Setiap hari, tak jarang ibunya dibuat sedih oleh cerita-cerita para tetangganya bahwa mereka sering melihat anaknya berbicara sendirian di kamar. Berhubung kamarnya langsung menghadap jalan raya dan tirai kamarnya tak pernah ia tutup, karena takut gelap. Pada suatu hari Minggu, ibunya memergoki anaknya sedang berbicara dengan seseorang. Ibunya mengintip dari luar pintu kamar. Terdengar seru sekali. Jarang sekali ibunya mendengar tawa yang sampai terkekeh-kekeh. Sang ibu merasa damai dan tentram sekali hatinya saat mengetahui akhirnya anaknya memiliki teman yang bisa dibilang sangat akrab. Namun ibunya dikecewakan dengan keadaan anaknya yang sedang asyik sendiri, bermain dengan imajinasinya. Hanya ia dengan bayangan dari cahaya yang tirai serta jendelanya tidak ditutup. Ternyata para tetangga benar. Bahkan orang tuanya sendiri tidak mengetahui betul anaknya.

Dear Sam,
Aaaa terimakasih, Sam, atas hari ini. Kapan-kapan kita bermain ayunan di belakang rumahku lagi, yaa. Oiya, dan aku pun pasti akan mengalahkanmu dalam permainan catur berikutnya, juga kartu. Perlahan aku akan menguasainya dan mengalahkanmu, Sam!

Besok kita bermain origami, ya! Setelahnya kita bermain rumah-rumahan. Aku jadi tuan rumah, dan kamu jadi pembantunya. Hahaha

     Ya! Tingkahnya kini sudah keterlaluan dan semakin mencurigakan. Ia bermain ayunan di belakang rumah, dan memainkannya, sendirian. Bermain kartu yang setidaknya memerlukan dua orang pemain, juga memainkannya, sendirian. Bahkan bermain catur pun, sendirian.

* * *
“Sam! Entah kenapa pagi ini langit begitu gelap. Kau tak akan meninggalkanku, bukan?”

“Sam! Kau mulai sakit? Mengapa wajahmu terlihat begitu redup? Ayo kita main petak umpet lagi, ayo kita main kartu lagi, ayo kita mewarnai lagi!”

“Sam! Kau mau aku bacakan cerita mitologi yunani? Baiklah akan aku bacakan untukmu!”
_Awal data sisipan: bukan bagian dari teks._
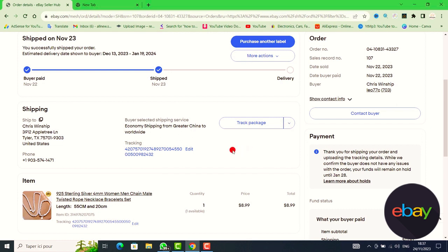This is the easy method to add your tracking number on your eBay account. Thank you so much for watching, see you in the next video.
“Sam! Ayo kita diskusi lagi! Aku menyukai lelucon-leluconmu saat kita sedang diskusi!”

 * * *  
“Sam! Aku mulai takut! Langit di luar sudah mulai lebih gelap! Kau juga takut gelap, bukan? Tenanglah! Aku sudah menyediakan senter dengan baterai yang masih penuh! Aku buatkan makanan supaya kamu baikan, ya? Aku ambilkan obat-obatan supaya kamu cepat sembuh. Aku bisa melakukannya sendiri kali ini, asalkan kau cepat sembuh.”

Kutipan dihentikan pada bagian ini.